Problem requirements. In the entries below, find the line with "Beige - Oversized Suit Trousers - 1" and the line with "Halloween Devil Pumpkin". Return those two lines and all lines between them, exactly.

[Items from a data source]

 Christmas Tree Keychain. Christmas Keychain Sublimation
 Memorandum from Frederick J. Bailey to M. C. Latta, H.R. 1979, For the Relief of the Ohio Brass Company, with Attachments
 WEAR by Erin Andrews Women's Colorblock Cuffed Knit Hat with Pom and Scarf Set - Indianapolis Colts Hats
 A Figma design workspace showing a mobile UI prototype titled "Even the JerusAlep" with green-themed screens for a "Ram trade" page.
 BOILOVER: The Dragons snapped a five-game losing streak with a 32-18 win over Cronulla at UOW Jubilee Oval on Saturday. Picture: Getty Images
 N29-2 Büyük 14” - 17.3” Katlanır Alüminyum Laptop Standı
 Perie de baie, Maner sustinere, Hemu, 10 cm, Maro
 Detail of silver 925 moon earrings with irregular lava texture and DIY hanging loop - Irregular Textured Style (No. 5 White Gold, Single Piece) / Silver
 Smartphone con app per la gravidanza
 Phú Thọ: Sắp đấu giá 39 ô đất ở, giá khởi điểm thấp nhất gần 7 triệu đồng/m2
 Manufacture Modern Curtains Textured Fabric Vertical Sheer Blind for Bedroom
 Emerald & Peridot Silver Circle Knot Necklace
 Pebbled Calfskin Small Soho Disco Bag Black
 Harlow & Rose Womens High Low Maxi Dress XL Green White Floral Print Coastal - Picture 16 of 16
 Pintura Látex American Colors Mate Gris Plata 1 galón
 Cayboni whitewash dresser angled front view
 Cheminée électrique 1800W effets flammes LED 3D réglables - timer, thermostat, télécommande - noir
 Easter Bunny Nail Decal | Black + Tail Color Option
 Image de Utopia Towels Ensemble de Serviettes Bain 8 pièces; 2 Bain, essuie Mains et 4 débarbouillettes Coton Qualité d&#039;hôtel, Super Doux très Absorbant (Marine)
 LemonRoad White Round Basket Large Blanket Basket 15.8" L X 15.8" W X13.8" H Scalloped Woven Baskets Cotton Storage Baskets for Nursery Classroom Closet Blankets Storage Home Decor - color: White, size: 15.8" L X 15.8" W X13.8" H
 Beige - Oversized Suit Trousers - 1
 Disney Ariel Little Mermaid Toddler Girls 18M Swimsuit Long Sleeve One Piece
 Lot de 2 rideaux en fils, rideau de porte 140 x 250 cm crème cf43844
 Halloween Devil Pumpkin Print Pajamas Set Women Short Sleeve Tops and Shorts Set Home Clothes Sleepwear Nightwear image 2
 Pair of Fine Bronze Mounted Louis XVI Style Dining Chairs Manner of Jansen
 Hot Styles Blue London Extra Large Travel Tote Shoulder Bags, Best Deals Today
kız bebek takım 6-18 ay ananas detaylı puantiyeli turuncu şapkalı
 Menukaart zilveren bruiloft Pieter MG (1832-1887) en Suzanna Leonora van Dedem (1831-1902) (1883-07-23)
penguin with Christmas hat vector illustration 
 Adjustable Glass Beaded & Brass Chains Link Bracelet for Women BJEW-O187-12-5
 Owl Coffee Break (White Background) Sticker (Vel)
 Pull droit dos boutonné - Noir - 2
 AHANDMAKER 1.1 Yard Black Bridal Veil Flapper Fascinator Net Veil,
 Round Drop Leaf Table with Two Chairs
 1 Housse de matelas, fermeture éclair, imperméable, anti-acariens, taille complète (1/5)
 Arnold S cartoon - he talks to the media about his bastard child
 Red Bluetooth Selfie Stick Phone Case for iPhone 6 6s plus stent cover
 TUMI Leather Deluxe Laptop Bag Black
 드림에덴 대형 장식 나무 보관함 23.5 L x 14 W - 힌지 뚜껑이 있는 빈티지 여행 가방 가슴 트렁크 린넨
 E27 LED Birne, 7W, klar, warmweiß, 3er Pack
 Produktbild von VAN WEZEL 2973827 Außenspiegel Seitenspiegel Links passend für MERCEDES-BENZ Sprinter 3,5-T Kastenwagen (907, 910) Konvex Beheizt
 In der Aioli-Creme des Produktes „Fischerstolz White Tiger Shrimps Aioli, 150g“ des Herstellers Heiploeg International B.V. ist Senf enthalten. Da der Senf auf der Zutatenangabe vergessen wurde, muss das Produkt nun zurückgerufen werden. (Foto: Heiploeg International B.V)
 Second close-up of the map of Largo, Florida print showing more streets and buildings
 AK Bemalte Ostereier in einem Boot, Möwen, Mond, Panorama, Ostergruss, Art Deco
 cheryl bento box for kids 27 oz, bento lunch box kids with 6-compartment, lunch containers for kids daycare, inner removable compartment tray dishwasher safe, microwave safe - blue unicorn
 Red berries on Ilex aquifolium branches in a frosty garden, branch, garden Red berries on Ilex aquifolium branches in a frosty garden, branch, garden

Result for this exercise.
 Beige - Oversized Suit Trousers - 1
 Disney Ariel Little Mermaid Toddler Girls 18M Swimsuit Long Sleeve One Piece
 Lot de 2 rideaux en fils, rideau de porte 140 x 250 cm crème cf43844
 Halloween Devil Pumpkin Print Pajamas Set Women Short Sleeve Tops and Shorts Set Home Clothes Sleepwear Nightwear image 2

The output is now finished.